__TASK BRIEF__.
From the records below, please print only the lines from the one containing "Koteta 4pcs/set Mini" through the one containing "Heiress Beverly Hills", both included. Skip the pictures.

__SOURCE DATA__.

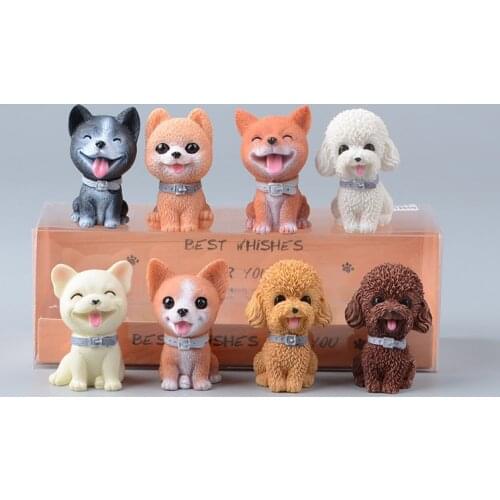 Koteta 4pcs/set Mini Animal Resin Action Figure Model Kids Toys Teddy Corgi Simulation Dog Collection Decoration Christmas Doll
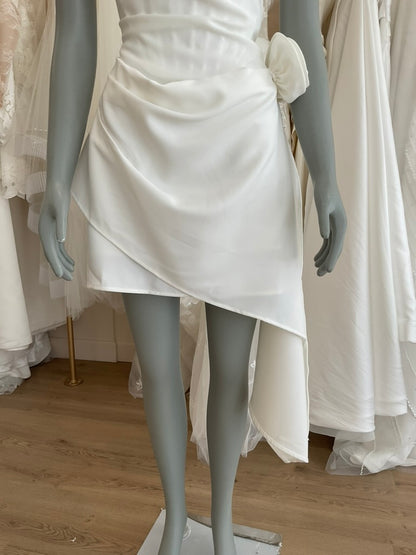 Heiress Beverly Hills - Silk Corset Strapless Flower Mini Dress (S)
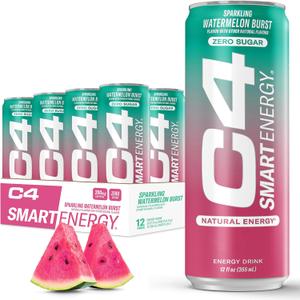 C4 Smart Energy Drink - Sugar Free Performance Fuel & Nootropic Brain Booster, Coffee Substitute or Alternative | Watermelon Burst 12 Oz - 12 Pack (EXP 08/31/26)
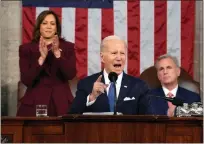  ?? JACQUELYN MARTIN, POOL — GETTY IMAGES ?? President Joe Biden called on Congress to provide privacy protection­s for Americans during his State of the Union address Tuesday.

---

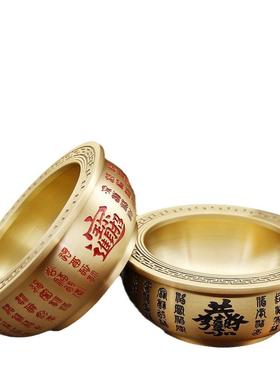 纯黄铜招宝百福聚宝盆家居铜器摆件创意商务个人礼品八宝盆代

==

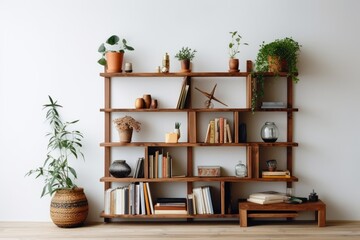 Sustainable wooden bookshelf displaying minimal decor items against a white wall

__FINISHED EXERCISE__.
 Koteta 4pcs/set Mini Animal Resin Action Figure Model Kids Toys Teddy Corgi Simulation Dog Collection Decoration Christmas Doll
 Heiress Beverly Hills - Silk Corset Strapless Flower Mini Dress (S)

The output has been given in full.